Work order:
Restate, word for word, the run of lines that starts at the line containing "I m not old" and ends with the final line of the listing. Leave pictures out.
[Exercise input]
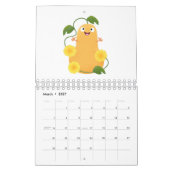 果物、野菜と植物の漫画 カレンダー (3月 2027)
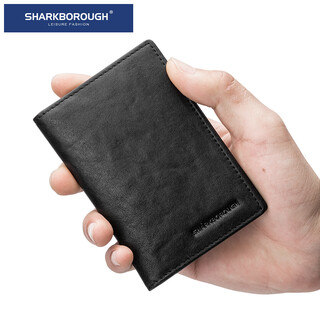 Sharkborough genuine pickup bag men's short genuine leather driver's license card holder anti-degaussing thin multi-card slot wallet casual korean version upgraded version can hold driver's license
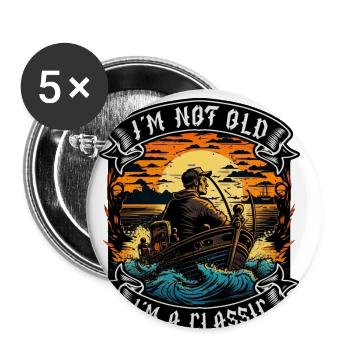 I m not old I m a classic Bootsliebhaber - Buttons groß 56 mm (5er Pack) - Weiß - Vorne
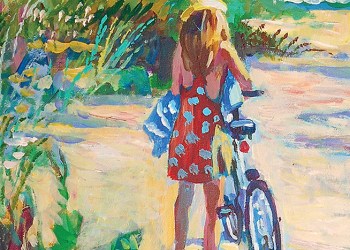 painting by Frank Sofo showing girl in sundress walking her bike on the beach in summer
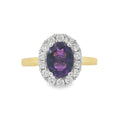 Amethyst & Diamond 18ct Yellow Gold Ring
[/Exercise input]
Problem solution:
 I m not old I m a classic Bootsliebhaber - Buttons groß 56 mm (5er Pack) - Weiß - Vorne
 painting by Frank Sofo showing girl in sundress walking her bike on the beach in summer
 Amethyst & Diamond 18ct Yellow Gold Ring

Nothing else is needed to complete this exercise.